All the data that follows should be repeated exactly, without a single picture.

—————

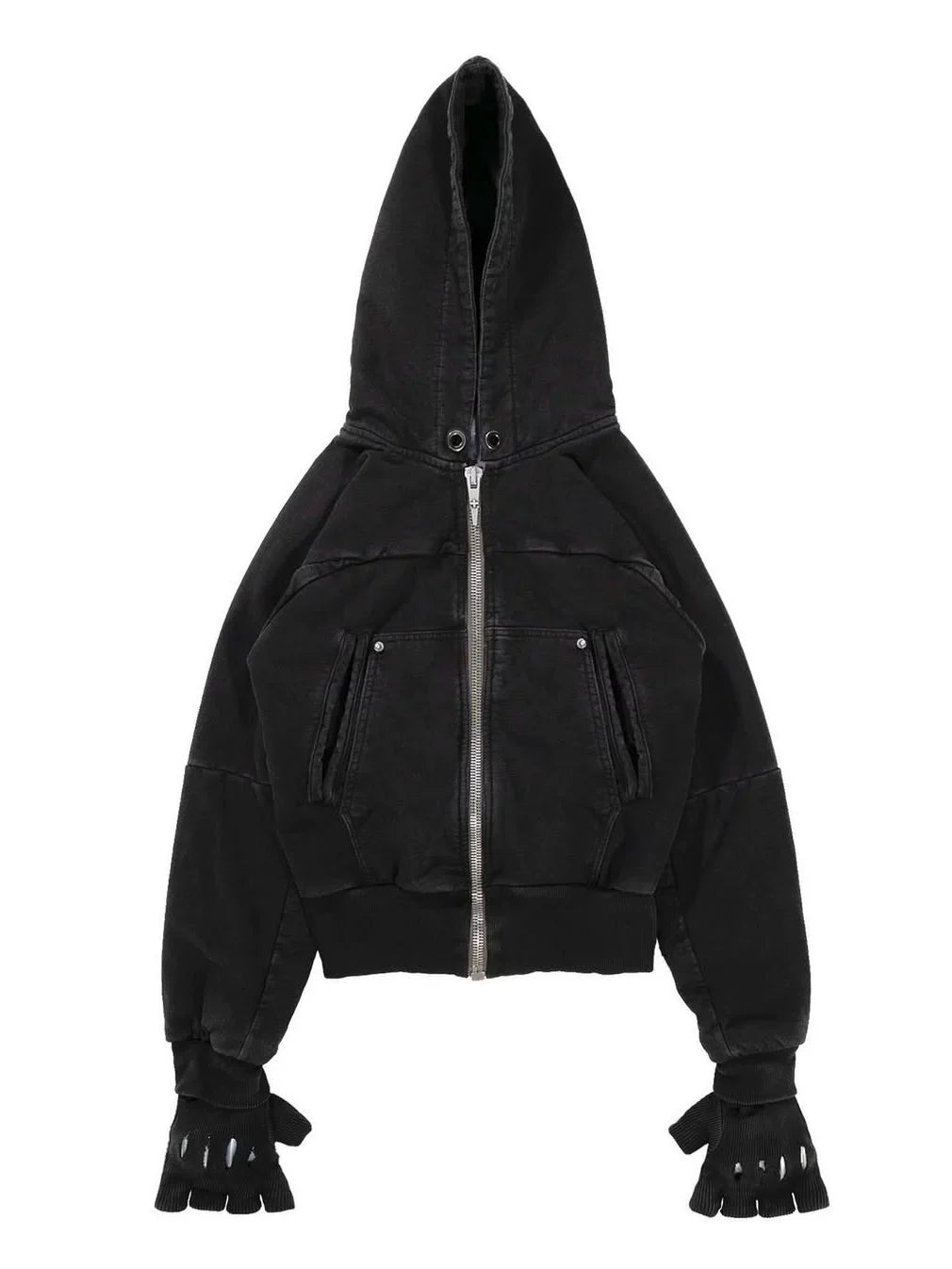 WASHED ZIPPER HOODED JACKET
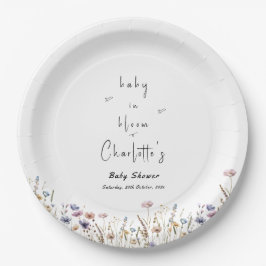 Baby in Bloom Wildflower Baby shower Papieren Bordje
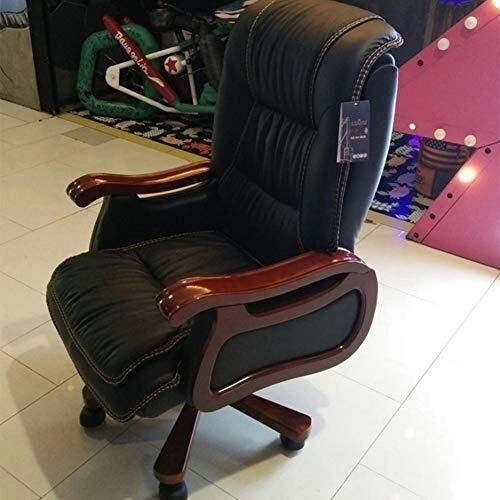 Desk Chair - PU Leather Brown High Back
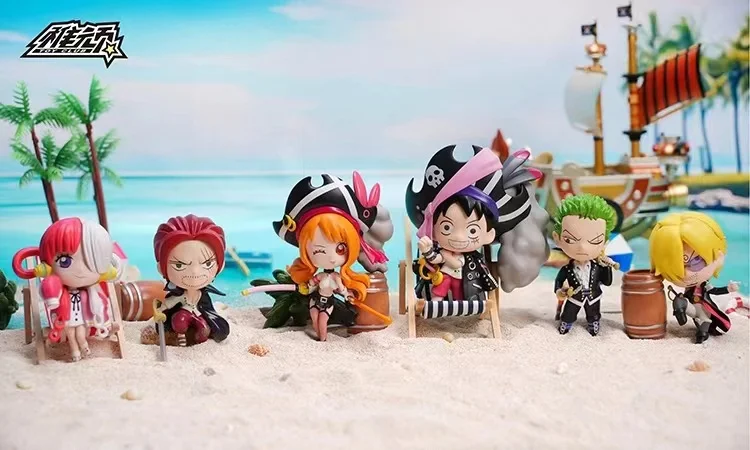 One Piece Monkey D. Luffy Roronoa Zoro Shanks Sanji Nami Uta Anime Surprise Action Figure Pendant Gift Figurine Key Chain Toys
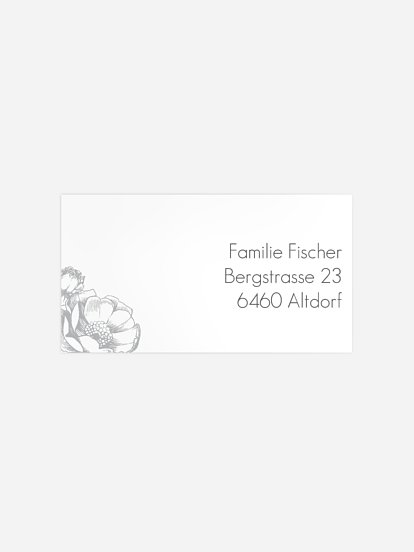 Empfängeraufkleber Trauer Peony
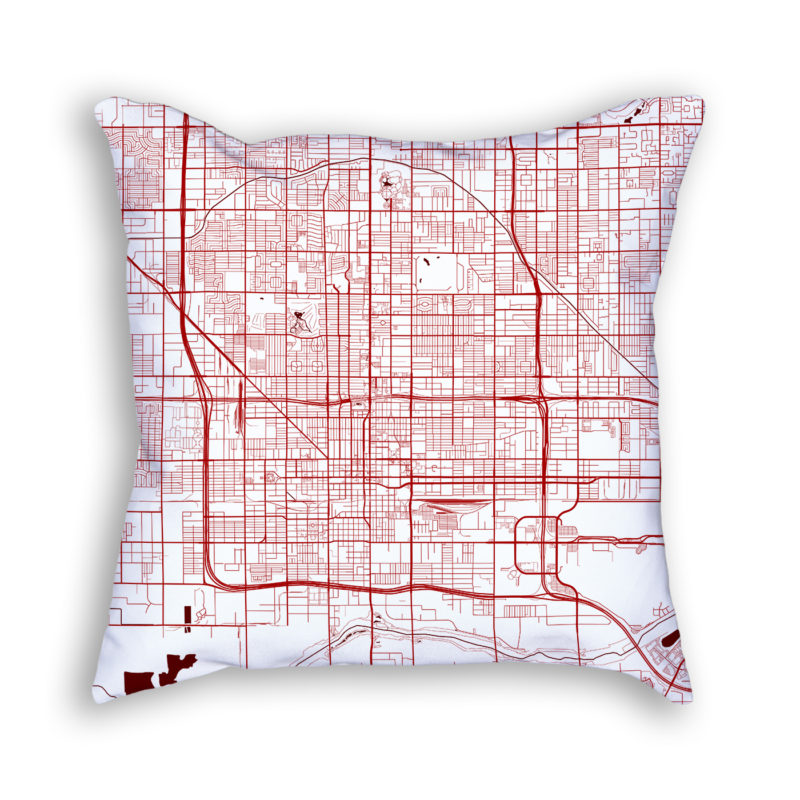 Phoenix Arizona City Map Art Decorative Throw Pillow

—————

## EXERCISE RESULT
 WASHED ZIPPER HOODED JACKET
 Baby in Bloom Wildflower Baby shower Papieren Bordje
 Desk Chair - PU Leather Brown High Back
 One Piece Monkey D. Luffy Roronoa Zoro Shanks Sanji Nami Uta Anime Surprise Action Figure Pendant Gift Figurine Key Chain Toys
 Empfängeraufkleber Trauer Peony
 Phoenix Arizona City Map Art Decorative Throw Pillow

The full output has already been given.